# Directions for this task:
Begin with the line below holding "Volkswagen Golf 1.5" and go on through the line holding "Used 2023 RAM 1500 Big Horn AWD/4WD image 35", duplicating each line exactly and leaving out pictures.

# Task material:

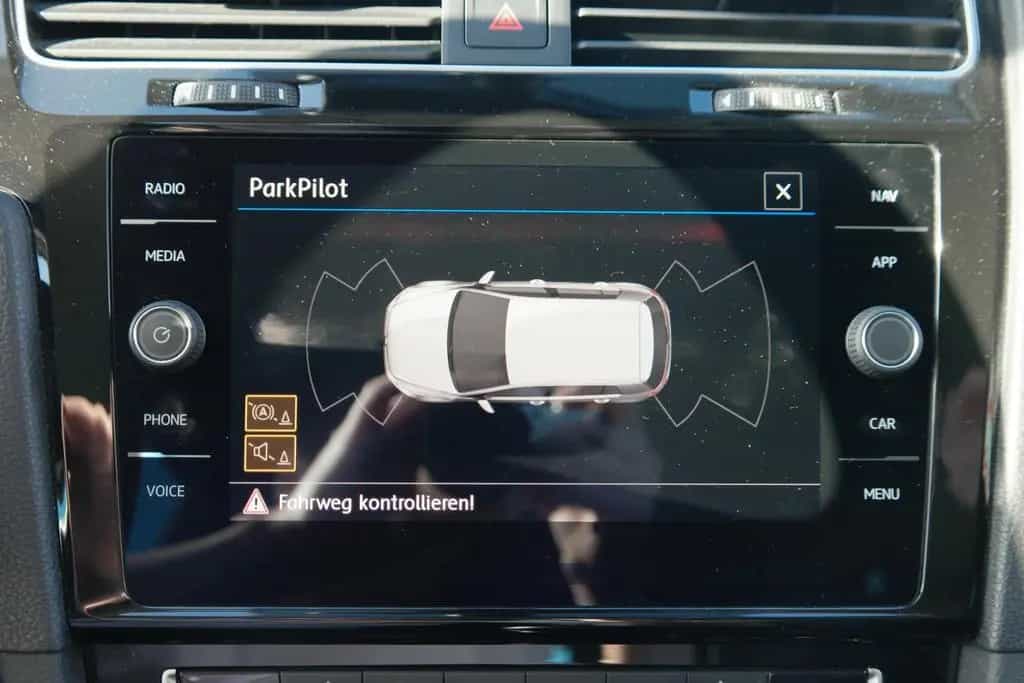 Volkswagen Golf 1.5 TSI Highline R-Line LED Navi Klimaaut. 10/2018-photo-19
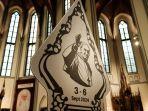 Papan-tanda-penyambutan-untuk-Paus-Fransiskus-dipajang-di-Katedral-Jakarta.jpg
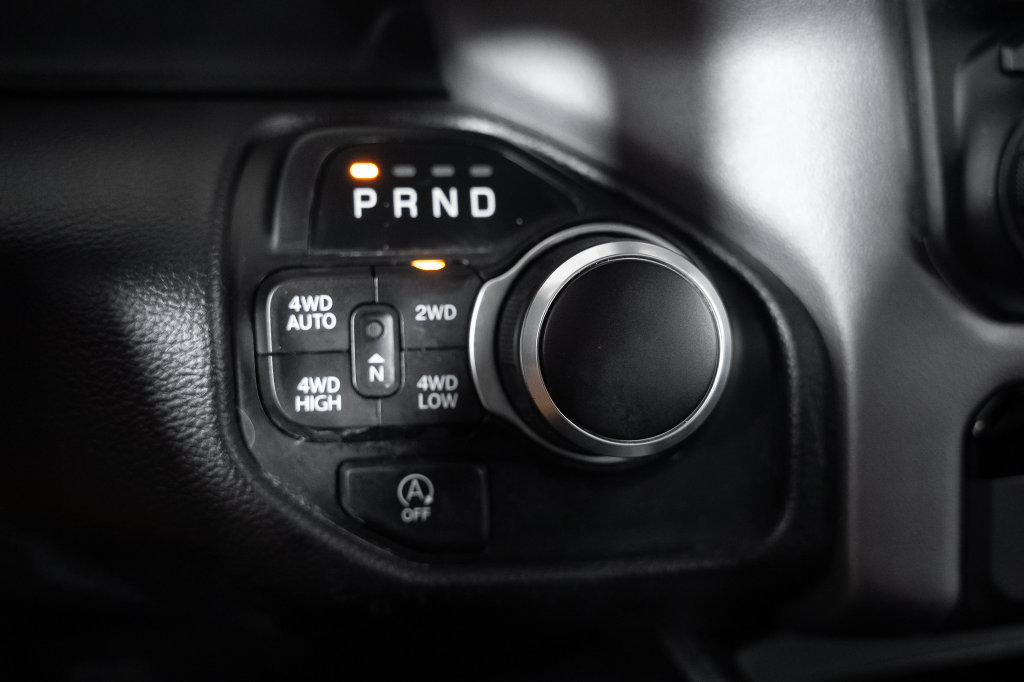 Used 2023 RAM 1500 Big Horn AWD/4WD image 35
==
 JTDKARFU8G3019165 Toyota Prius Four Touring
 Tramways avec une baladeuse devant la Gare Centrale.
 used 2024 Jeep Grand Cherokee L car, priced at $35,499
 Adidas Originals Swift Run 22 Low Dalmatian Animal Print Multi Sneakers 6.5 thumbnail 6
--
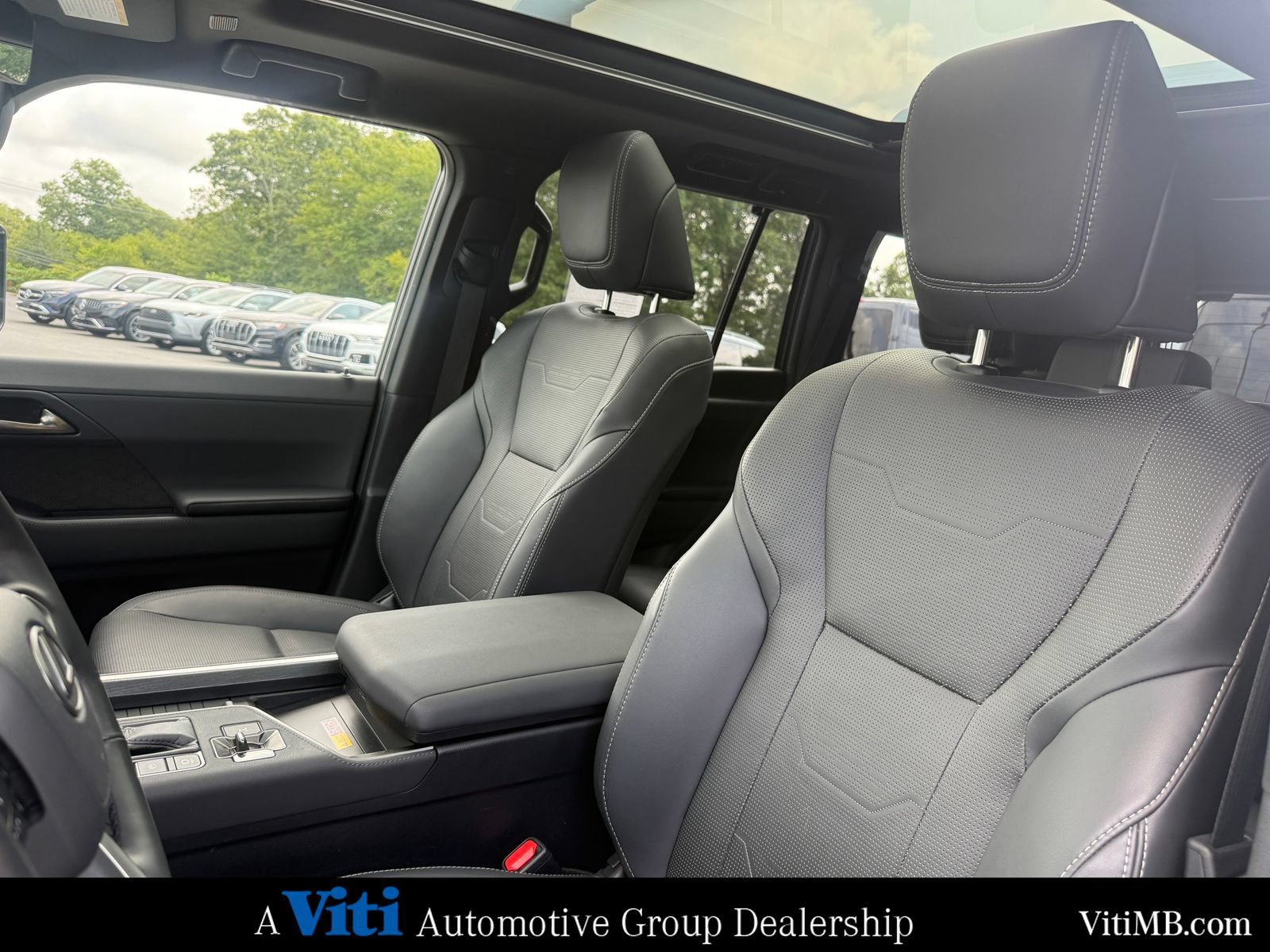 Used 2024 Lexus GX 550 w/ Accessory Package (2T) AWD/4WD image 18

# Expected answer:
 Volkswagen Golf 1.5 TSI Highline R-Line LED Navi Klimaaut. 10/2018-photo-19
 Papan-tanda-penyambutan-untuk-Paus-Fransiskus-dipajang-di-Katedral-Jakarta.jpg
 Used 2023 RAM 1500 Big Horn AWD/4WD image 35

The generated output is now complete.